-- What you have to do --
Everything from the line containing "Trash to Treasure: The" to the last line of the listing below should be restated exactly, both ends included, with nothing added and the pictures omitted.

-- Data --
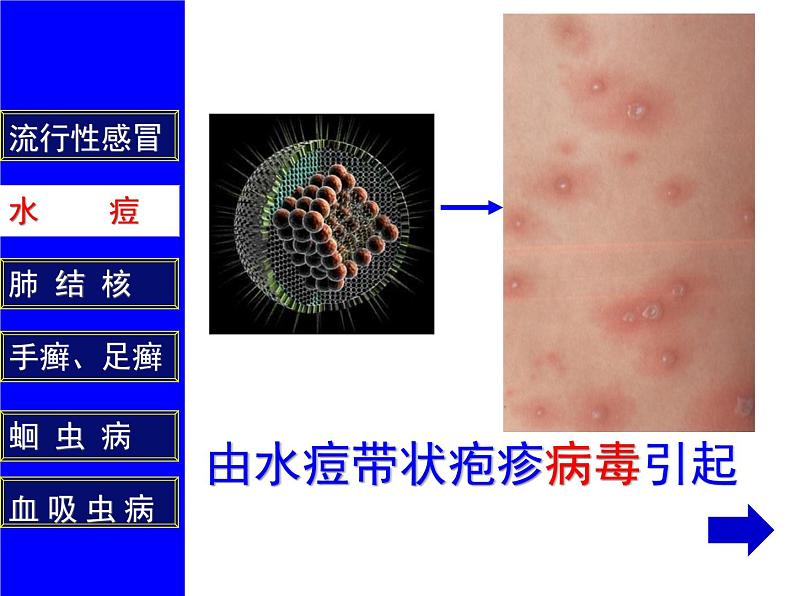 人教版生物八年级下册 第一节 传染病及其预防 (4) 课件第6页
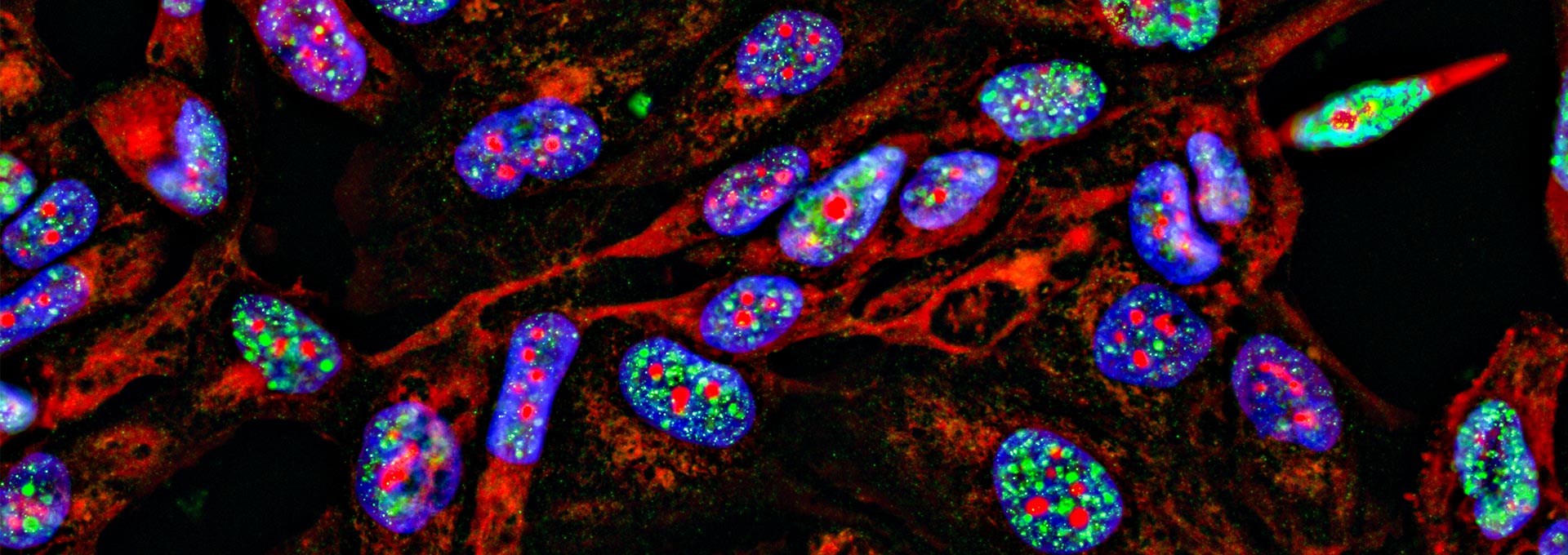 Fluorescent Imaging immunofluorescence of cancer cells growing in 2D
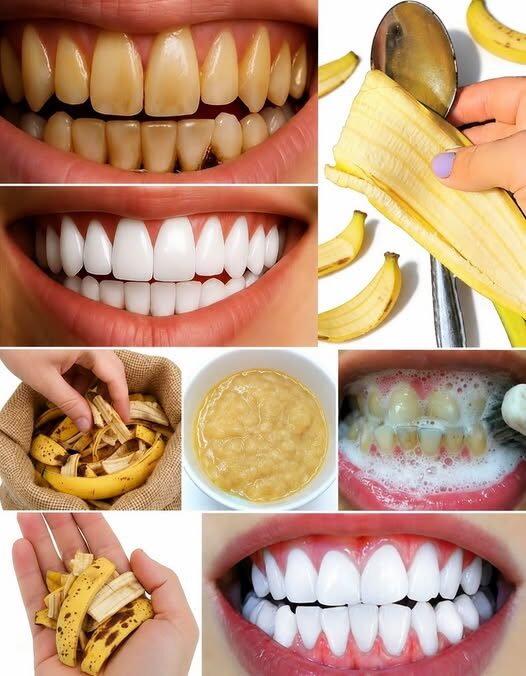 Trash to Treasure: The Ultimate Guide to Banana Peel Water for Radiant Skin & Stronger Hair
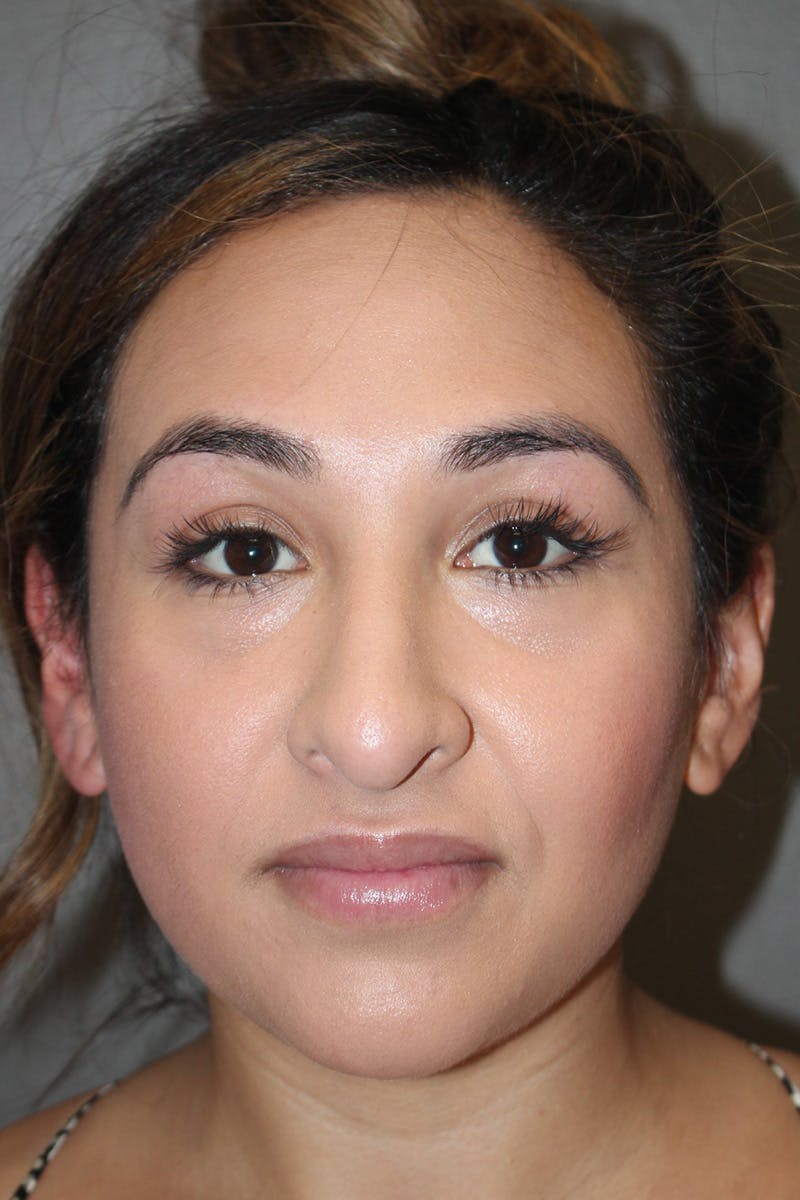 Rhinoplasty Before & After Gallery - Patient 174972202 - Image 5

-- The answer --
 Trash to Treasure: The Ultimate Guide to Banana Peel Water for Radiant Skin & Stronger Hair
 Rhinoplasty Before & After Gallery - Patient 174972202 - Image 5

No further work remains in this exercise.